The Government of the United States, in the face of the notorious occupation of the public lands in this State by her citizens, that upon those lands they have mined for gold, constructed canals, built saw-mills, cultivated farms, and practiced every mode of industry, has asserted no right of ownership to any of the mineral lands in this State.
The State Government has not only acquiesced in this universal appropriation of the public lands for all these purposes, but has studiously encouraged them, in some instances, and recognized them in all; and this Court has held that the State, in her legislation on the subject, has established the policy of permitting all who wish, to work the mines, with or without conditions.

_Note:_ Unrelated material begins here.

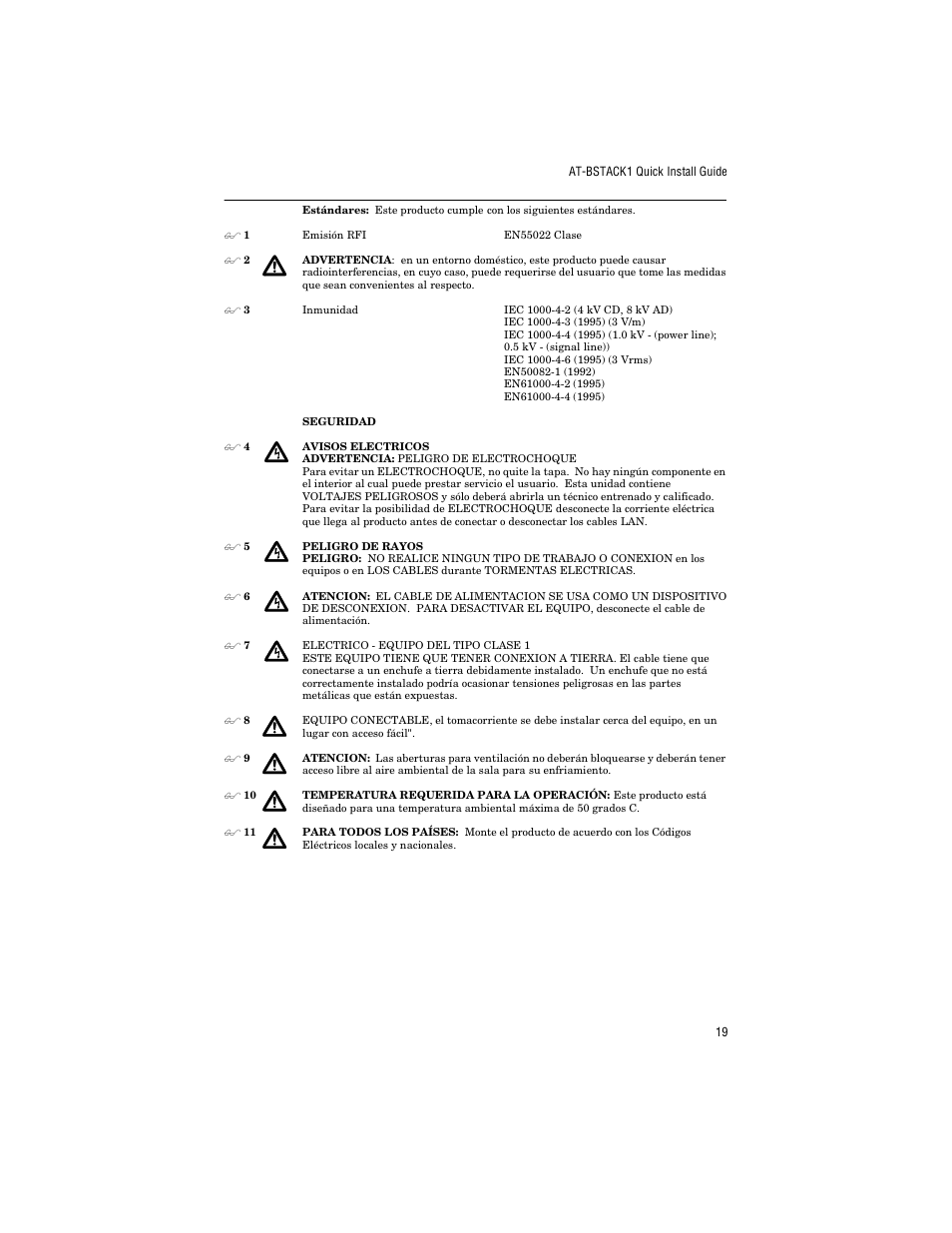 Allied Telesis AT-BSTACK1 User Manual | Page 29 / 34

Yet this permission has not been derived from express legislation, but by general legislation, looking at the general state of things, from which a license is necessarily presumed to all who choose to avail themselves of it.
Among the other pursuits thus encouraged, and which have been referred to in legislative acts and been made the subjects of revenue, is the construction of ditches, canals and flumes, for the purpose of conducting water for mining purposes.

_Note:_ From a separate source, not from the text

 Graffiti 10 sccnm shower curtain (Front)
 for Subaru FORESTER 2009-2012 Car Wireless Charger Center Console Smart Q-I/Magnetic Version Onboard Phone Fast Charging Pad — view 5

This right, then, like digging gold, is a franchise, and the attending circumstances raise the presumption of a general grant from the sovereign, of this privilege; and every one who wishes to attain it has license from the State to do so,, provided that the prior rights of others are not infringed upon.
As, from the nature of these works, time is necessary to complete them, the license would be valueless, if the right did not commence until their completion; and it must be presumed that, in granting the license, the State did not intend it should be turned into so vain a thing, but designed it to be effectual, for the object in view; and it consequently follows that the same rule must be applied here to protect this right as any other.
In constructing canals, under the license of the State, the survey of the ground, planting stakes along the line, giving public notice, and actually commencing and diligently pursuing the work, is as much possession as the nature of the subject will admit, and forms a series of acts of ownership which must be conclusive of the right.
The enclosure of the ground used in digging a canal, not being necessary for the work, would give its proprietors no higher rights; nor is it necessary, as notice, to those who have received actual notice, of the intended line of the canal.
Opinion — Heydenfeldt
Mr. Justice Heydenfeldt delivered the opinion of the Court. Mr. Justice Terry concurred. Mr. Chief Justice Murray dissented.
It is admitted in the argument, on both sides, that the rights claimed by both parties are in and to the public lands, neither of them having title, except what arises from possession, or the claim of it.
In the decisions we have heretofore made upon the subject of private rights to the public domain, we have applied simply the rules of the common law. We have found that its principles have abundantly sufficed for the determination of all disputes which have come before us; and we claim that we have neither modified its rules, nor have we attempted to legislate upon any pretended ground of their insufficiency.
That new conditions and new facts may produce the novel application [556]of a rule which has not been before applied, in like manner, does not make it any less the common law; for the latter is a system of grand principles, founded upon the mature and perfected reason of centuries. It would have but little claim to the admiration to which it is entitled, if it failed to adapt itself to any condition, however new, which may arise; and it would be singularly lame if it is impotent to determine the right of any dispute whatsoever. Having, as far as we have gone, met all difficulties by adhering to its doctrines, we have no ground to presume that we will have to go beyonds its precincts for a solution of any which may arise.
One of the favorite and much indulged doctrines of the common law, is the doctrine of presumption. Thus, for the purpose of settling men’s differences, a presumption is often indulged, where the fact presumed cannot have existed. In support of this position, I will refer to a few eminent authorities.
In Eldridge v. Knott, Cowper, 215, Lord Mansfield says: “ Lord Coke says, somewhere, that an Act of Parliament may be presumed, and of late it has been held that even in the case of the crown, which is not bound by the statutes, a grant may be presumed from great length of possession. It was so done in the case of the corporation of Hull & Horner; not that, in such cases, the Court really thinks such a grant has been made, because it is not probable a grant should have existed without its being on record, but they presume the fact for the purpose, and from a principle, of quieting the possession.”